Tarō Naka (1922-2014) is one of the most respected poets in post-war Japan, having won several major Japanese poetry prizes. His poetry reflects his life-long exploration of Buddhism, traditional and modern literature, language, art, and philosophy. He developed a poetics that paid attention to what he describes as the visual, phonetic, and historical aspects of words and how each word is a unique combination of these. The poems in this volume are selected from across his poetic output of some seventy years, ranging from his stark, uncompromising depictions of the war and its immediate aftermath to the formal experimentation of the 1965 collection often considered his magnum opus, Music – from which this book takes its title – and The First Emperor, his 2003 nō play. Music: Selected Poems, consisting of strong translations by Andrew Houwen and Chikako Nihei, and including an illuminating introduction, is the first book-length collection of Naka’s work in English.

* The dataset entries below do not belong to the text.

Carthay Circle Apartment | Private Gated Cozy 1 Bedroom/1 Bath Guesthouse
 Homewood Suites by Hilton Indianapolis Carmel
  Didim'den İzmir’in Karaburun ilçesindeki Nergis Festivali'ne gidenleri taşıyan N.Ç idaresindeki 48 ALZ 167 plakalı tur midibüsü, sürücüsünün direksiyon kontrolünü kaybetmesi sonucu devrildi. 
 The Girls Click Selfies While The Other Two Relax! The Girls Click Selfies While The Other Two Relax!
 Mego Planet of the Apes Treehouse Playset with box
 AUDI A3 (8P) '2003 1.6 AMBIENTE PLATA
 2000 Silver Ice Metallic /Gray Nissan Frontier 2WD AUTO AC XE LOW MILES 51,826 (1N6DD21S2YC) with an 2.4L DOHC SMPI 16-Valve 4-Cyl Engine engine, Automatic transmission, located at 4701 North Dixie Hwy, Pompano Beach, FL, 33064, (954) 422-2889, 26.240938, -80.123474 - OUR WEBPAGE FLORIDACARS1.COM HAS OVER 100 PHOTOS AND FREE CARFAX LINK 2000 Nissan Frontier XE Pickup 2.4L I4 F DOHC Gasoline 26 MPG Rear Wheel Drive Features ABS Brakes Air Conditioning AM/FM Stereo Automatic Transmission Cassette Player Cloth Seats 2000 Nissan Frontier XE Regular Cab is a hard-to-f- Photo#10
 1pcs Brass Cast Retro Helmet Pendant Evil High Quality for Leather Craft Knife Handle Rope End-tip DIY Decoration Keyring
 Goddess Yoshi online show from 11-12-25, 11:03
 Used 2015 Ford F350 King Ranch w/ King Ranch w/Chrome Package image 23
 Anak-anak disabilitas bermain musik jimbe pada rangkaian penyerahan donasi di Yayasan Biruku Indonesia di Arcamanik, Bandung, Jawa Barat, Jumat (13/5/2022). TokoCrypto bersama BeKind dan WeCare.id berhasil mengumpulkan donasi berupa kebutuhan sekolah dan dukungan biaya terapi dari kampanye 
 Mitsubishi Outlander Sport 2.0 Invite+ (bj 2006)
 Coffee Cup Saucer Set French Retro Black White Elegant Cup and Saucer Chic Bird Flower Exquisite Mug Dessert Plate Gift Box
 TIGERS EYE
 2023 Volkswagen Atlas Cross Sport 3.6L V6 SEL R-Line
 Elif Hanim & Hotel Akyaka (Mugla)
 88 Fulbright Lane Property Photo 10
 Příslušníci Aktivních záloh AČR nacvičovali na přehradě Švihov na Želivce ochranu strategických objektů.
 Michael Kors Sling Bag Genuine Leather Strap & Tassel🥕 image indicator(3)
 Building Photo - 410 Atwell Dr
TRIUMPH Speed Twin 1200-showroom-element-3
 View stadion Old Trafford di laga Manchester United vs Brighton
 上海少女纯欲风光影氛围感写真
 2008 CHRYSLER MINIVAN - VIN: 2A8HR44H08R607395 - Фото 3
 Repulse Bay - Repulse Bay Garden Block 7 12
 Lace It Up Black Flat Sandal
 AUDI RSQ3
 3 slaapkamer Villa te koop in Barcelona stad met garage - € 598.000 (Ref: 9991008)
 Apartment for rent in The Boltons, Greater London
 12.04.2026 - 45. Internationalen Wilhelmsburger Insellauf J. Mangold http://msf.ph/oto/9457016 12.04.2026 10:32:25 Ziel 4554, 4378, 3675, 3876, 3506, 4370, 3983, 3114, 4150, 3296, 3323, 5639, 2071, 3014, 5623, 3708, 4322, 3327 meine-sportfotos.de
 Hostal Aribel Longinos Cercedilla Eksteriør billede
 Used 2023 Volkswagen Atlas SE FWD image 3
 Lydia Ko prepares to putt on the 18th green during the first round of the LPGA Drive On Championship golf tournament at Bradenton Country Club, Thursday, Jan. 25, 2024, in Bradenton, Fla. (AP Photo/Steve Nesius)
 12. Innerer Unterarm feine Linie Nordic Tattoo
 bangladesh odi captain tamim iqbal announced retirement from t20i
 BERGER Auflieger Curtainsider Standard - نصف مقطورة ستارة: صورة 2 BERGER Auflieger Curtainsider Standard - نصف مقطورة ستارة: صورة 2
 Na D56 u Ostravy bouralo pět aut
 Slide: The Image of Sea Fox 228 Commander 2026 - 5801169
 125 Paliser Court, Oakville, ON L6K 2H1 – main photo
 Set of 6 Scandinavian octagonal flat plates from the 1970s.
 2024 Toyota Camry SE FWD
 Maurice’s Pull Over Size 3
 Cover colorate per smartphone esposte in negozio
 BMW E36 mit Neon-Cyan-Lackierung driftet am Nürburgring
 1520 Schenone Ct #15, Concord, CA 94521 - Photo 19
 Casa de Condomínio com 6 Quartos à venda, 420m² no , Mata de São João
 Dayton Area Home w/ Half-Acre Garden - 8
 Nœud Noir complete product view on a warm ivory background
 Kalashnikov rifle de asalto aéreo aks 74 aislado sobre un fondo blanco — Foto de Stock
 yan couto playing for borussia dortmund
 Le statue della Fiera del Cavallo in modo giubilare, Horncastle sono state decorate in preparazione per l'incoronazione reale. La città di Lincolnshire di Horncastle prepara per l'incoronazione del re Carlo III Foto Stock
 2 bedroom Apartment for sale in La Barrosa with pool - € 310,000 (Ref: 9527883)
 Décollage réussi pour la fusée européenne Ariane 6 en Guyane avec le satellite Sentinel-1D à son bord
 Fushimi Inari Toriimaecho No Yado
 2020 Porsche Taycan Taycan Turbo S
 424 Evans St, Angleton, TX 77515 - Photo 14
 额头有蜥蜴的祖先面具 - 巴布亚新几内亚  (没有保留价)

August 2018, 138 pages, 5.5 x 8.5 in / 216 x 140 mm, ISBN 978-4-907359-23-2
‘Naka’s poetry is known for his autonomic, associative, and playful use of the Japanese language, even as it is solidly based on his Buddhist worldview of the void, nothingness. Music: Selected Poems, with a full introduction and ample explications will throw light on this singular poetic voice.’ – Hiroaki Sato
‘Naka is remarkable, and these poems are haunting.’ – Sasha Dugdale
‘Yes, [Naka’s] poems are difficult, but we should not be intimidated by the toil, because underneath the challenge of making sense of this linguistic density is an immense richness of beauty that a poetry lover cannot afford to miss’. Michael Tsang: ‘Take on the Challenge: Tarō Naka’s Music: Selected Poems‘, in Cha: An Asian Literary Journal. Click here to read the whole review .
Click here to download a PDF of some extracts from Music: Selected Poems.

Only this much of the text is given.